Były reprezentant Polski usiłował zabić kolegę. Sprawa ponownie przed sądem

(fot. Policja)

W Sądzie Apelacyjnym w Gdańsku rozpoczęła się rozprawa przeciwko byłemu piłkarzowi Patrykowi Z., który został skazany w czerwcu przez Sąd Okręgowy w Słupsku na 10 lat pozbawienia wolności. Były reprezentant Polski U-18 w czerwcu 2020 roku wbił swojemu koledze nóż w plecy.

26-letni Patryk Z. jest byłym piłkarzem, reprezentantem Polski U-18, w przeszłości występował m.in. w Lechii Gdańsk i Arce Gdynia.

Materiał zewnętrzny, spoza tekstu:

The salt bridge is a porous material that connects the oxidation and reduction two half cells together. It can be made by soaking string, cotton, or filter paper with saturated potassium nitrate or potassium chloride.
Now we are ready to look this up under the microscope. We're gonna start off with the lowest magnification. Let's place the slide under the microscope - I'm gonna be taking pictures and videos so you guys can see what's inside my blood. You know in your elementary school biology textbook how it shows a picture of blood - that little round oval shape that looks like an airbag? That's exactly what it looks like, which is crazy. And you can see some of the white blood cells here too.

W środę w Sądzie Apelacyjnym w Gdańsku rozpoczęła się rozprawa przeciwko Patrykowi Z., skazanemu w czerwcu wyrokiem Sądu Okręgowego w Słupsku na karę 10 lat pozbawienia wolności wykonywanej w systemie terapeutycznym za usiłowanie zabójstwa.

GRY KOMPUTEROWE I NARKOTYKI

Do zdarzenia doszło w 2020 roku w mieszkaniu kolegi Patryka Z. Obaj mężczyźni grali wówczas w gry komputerowe i zażywali narkotyki. W trakcie spotkania Patryk Z. wbił mężczyźnie nóż w plecy, po czym wybiegł z mieszkania, krzycząc, że ktoś próbuje go zabić. Zaatakowany 36-latek w ciężkim stanie trafił wówczas do szpitala.

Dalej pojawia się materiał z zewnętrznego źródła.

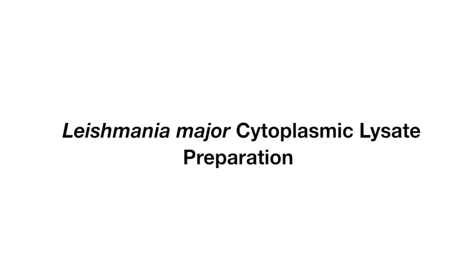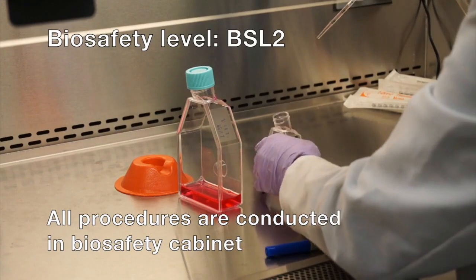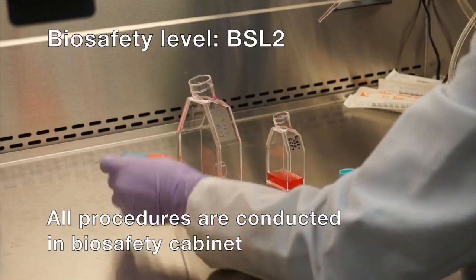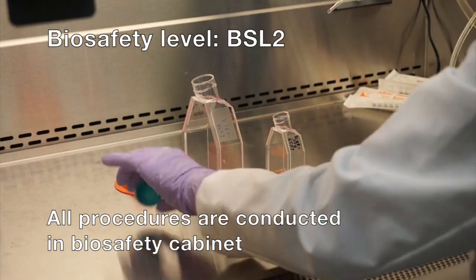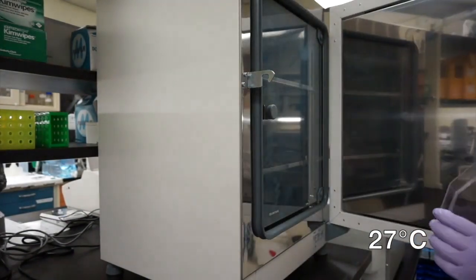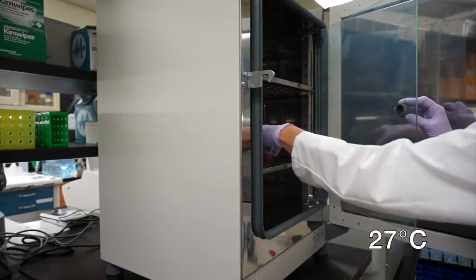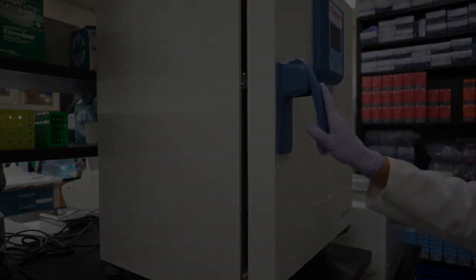For Leishmania Major cytoplasmic lysate preparation, place Leishmania Major cells in 30 milliliters of medium at a density of 100,000 cells per milliliter. This step is conducted in a biosafety cabinet. Place the flask with Leishmania culture in the incubator and grow cells at 27 degrees Celsius until the logarithmic phase, which usually takes about two hours.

Sąd Okręgowy w Słupsku w czerwcu skazał Patryka Z. na 10 lat pozbawienia wolności wykonywanej w systemie terapeutycznym. Ponadto sąd zasądził od mężczyzny na rzecz pokrzywdzonego 20 tys. zł tytułem zadośćuczynienia.

APELACJA OBROŃCY OSKARŻONEGO I PROKURATURY

Apelacje od wyroku wywiedli obrońca oskarżonego oraz prokurator. Obrońca wniósł o uniewinnienie oskarżonego lub o zmianę kwalifikacji na nieumyślne spowodowanie ciężkiego uszczerbku na zdrowiu.

Adwokat Marianna Frankiewicz wskazywała, że oskarżony zaatakował swojego kolegę, będąc pod wpływem narkotyków, a po ataku na 36-letniego mężczyznę udał się w pierwszej kolejności na stację benzynową, gdzie poszukiwał pomocy. – Później poszedł na komendę policji, dzięki czemu pokrzywdzonemu została udzielona bardzo szybka pomoc medyczna – tłumaczyła.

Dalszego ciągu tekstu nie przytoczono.